No doubt this approach differs from the approach of the Tenth Circuit, which reviewed a district court’s time-extension order through the government’s motion to dismiss and did not require an appeal or cross-appeal from that order. Madrid, 633 F.3d at 1225. But the Tenth Circuit may have misread Supreme Court precedent in determining when an appellee must file an appeal or cross-appeal. Under the Tenth Circuit’s reading, a cross-appeal is required only when the appellee wants “more than it obtained by the lower-court judgment.” Id. The court thus considered the government’s attack on the district court’s time-extension order uncovered by the cross-appeal rule because “the government was not seeking alteration of the judgment below in its favor.” Id. But Jennings makes clear that a cross-appeal is required when an appellee attacks an order with a view toward “enlarging his own rights thereunder or of lessening the rights of his adversary.” 135 S.Ct. at 798 (emphasis added). The latter possibility is this case.

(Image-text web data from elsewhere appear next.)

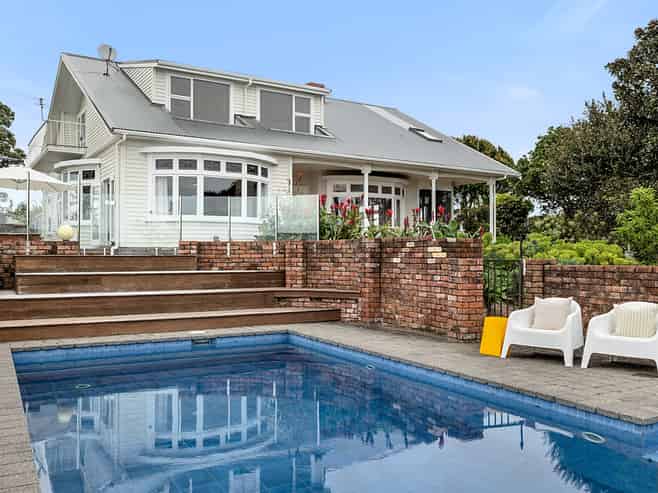 533 Devon Street West, Blagdon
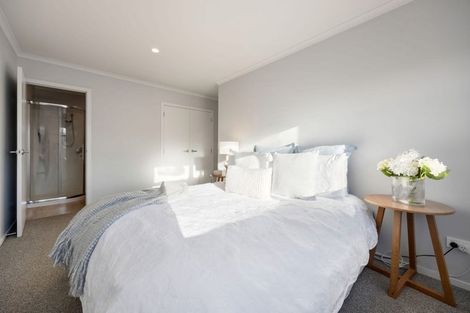 Photo of property in 1-5/5 Charlemont Street, Whitiora, Hamilton, 3200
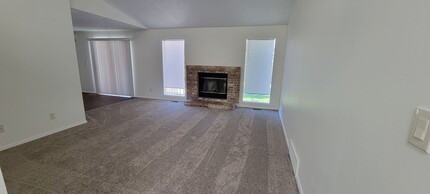 MP88-N.Old Fort Drive in Spokane, WA - Building Photo - Interior Photo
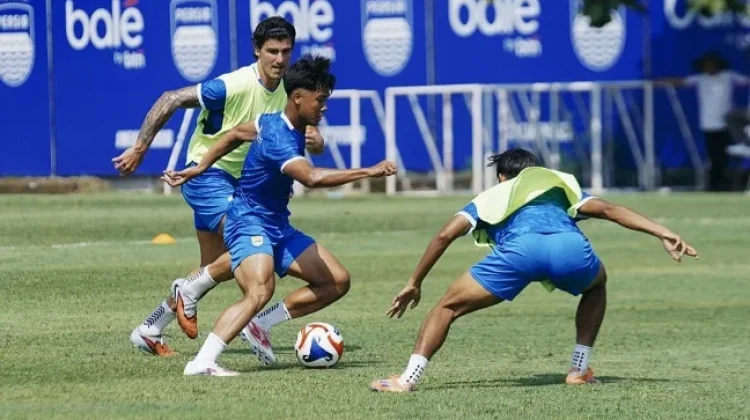 Jadwal Padat Menanti, Persib Mulai Pramusim Juli untuk Dua Kompetisi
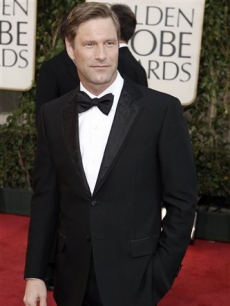Aaron Eckhart arrives at the 66th Annual Golden Globes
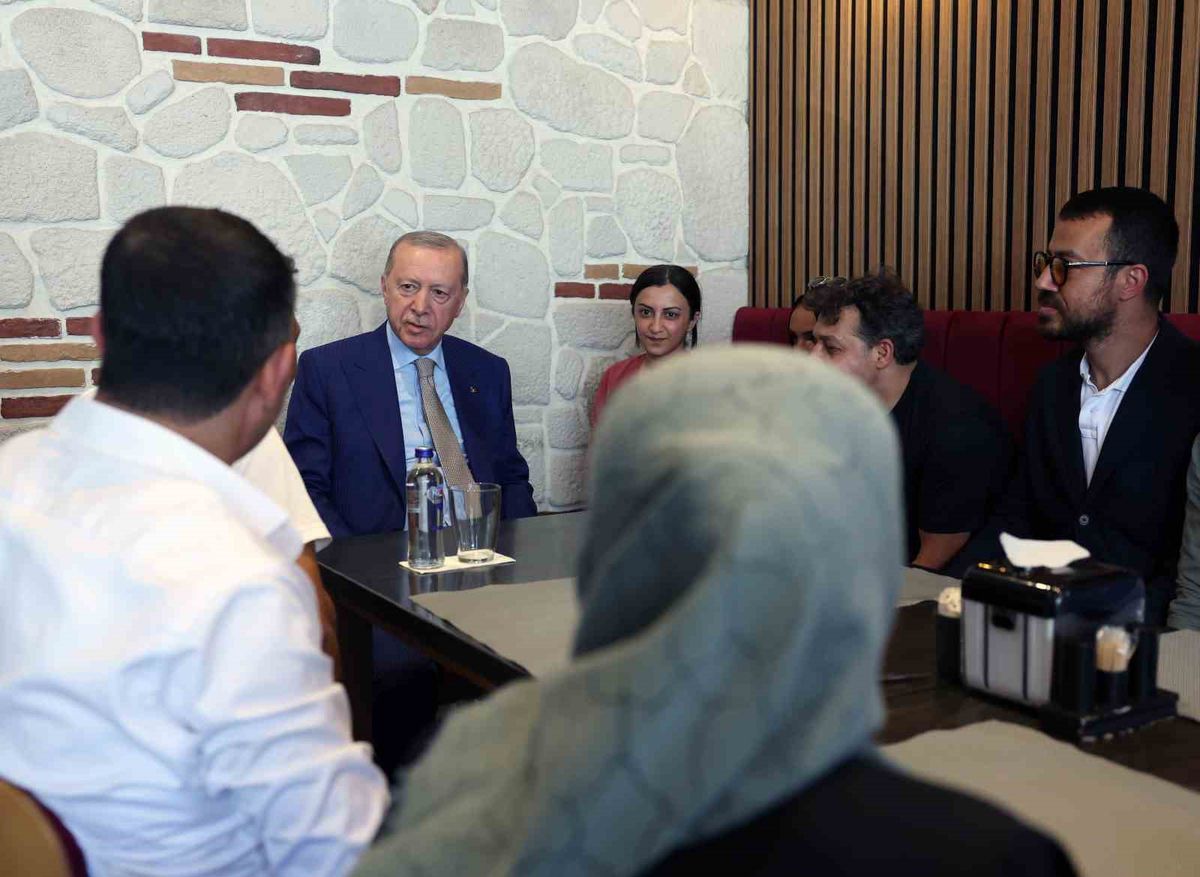 Erdoğan Çengelköy'de esnaf ve vatandaşlarla buluştu
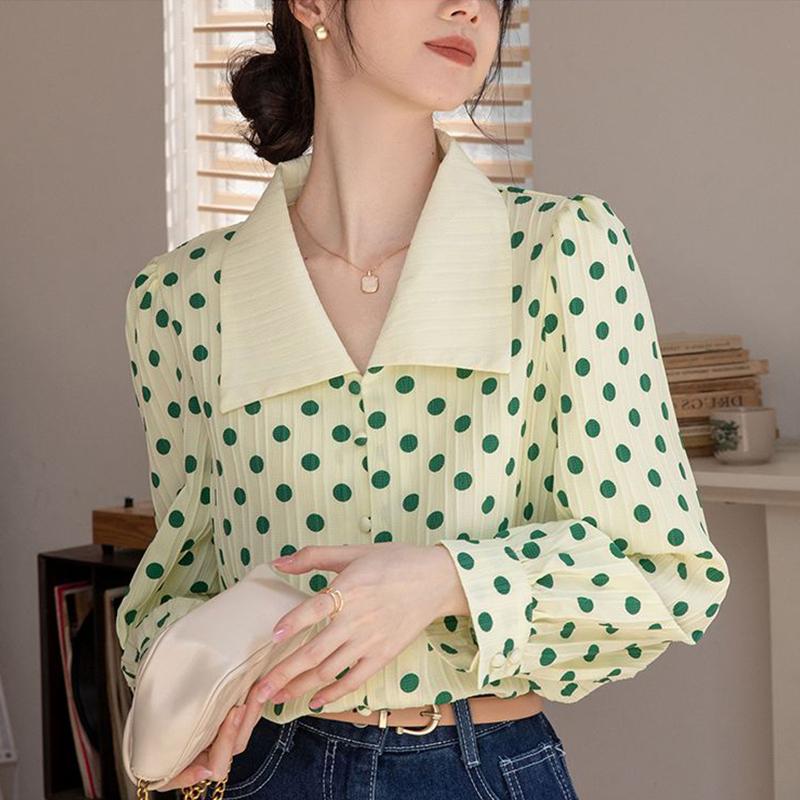 2025 Spring and Autumn New French Retro Polka Dot Women's Shirt Loose Design Unique Slimming Top Blouse 2025 Spring and Autumn New French Retro Polka Dot Women's Shirt Loose Design Unique Slimming Top Blouse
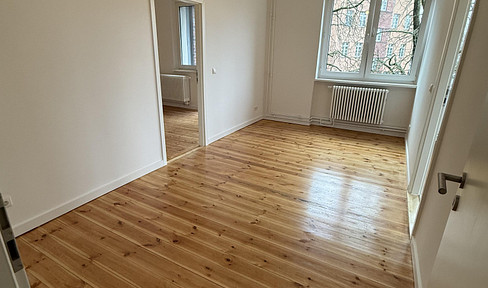 5-room apartment in Charlottenburg - available immediately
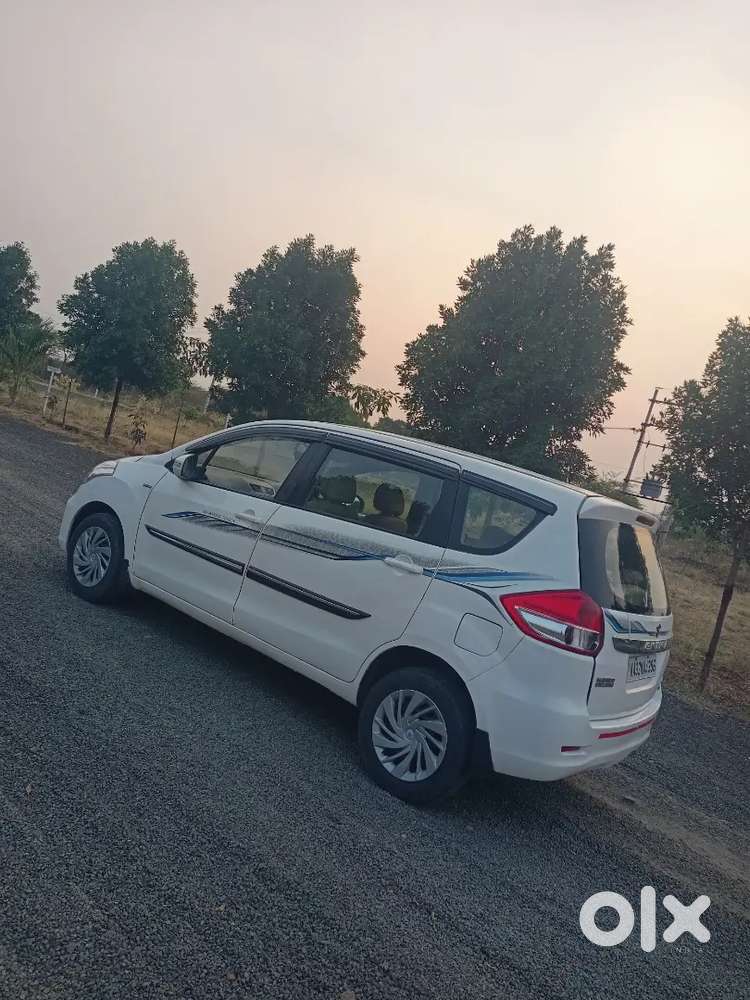 Maruti Suzuki Ertiga 2016 Diesel 75000 Km Driven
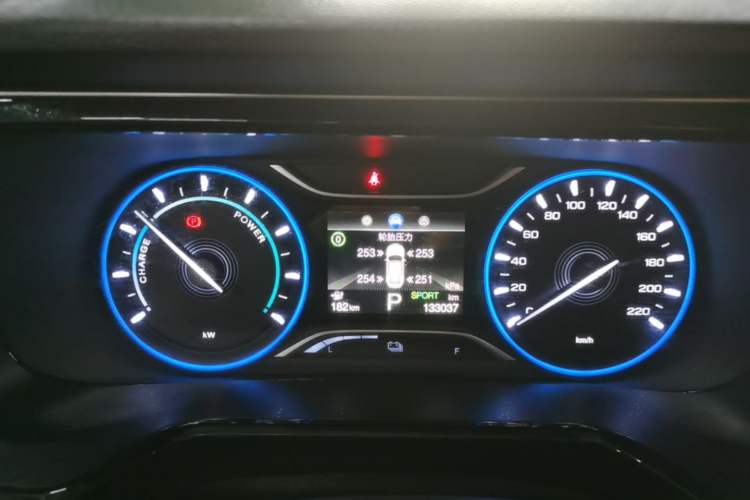 Used AION S 2023 Meizu 580 Lithium Iron Phosphate Instrument Cluster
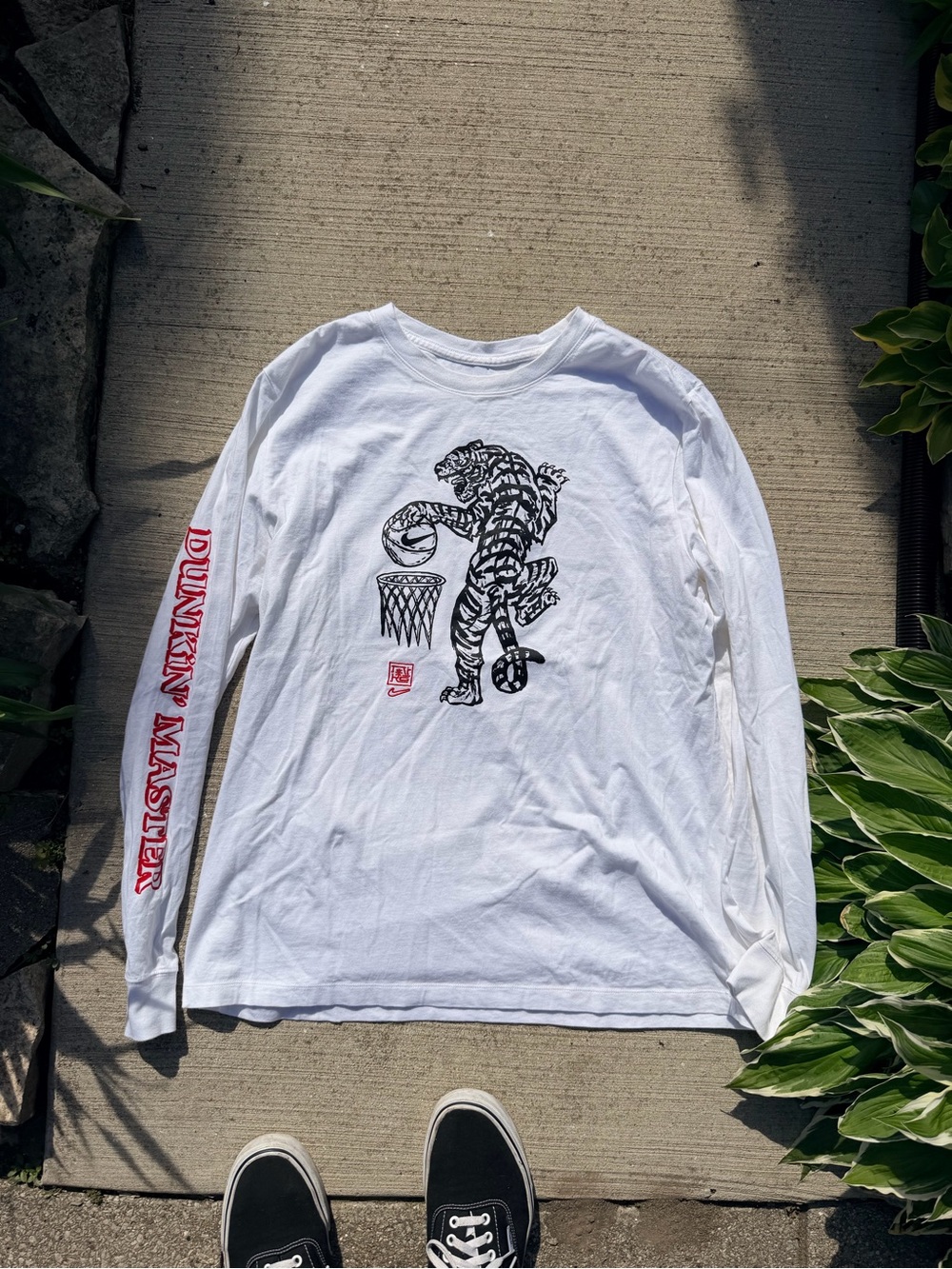 Nike White Long-Sleeve Graphic Tee with Tiger Basketball Design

That leaves the question whether we may overlook the government’s failure to file a cross-appeal and address the merits of its motion anyway. We think not, as the requirement is mandatory and consistently followed. “[I]n more than two centuries of repeatedly endorsing the cross-appeal requirement, not a single [Supreme Court case] has ever recognized an exception to the rule.” El Paso Natural Gas Co. v. Neztsosie, 526 U.S. 473, 480, 119 S.Ct. 1430, 143 L.Ed.2d 635 (1999). The government offers no reason to forge a new exception here.

For these reasons, we deny the government’s motion to dismiss the appeal.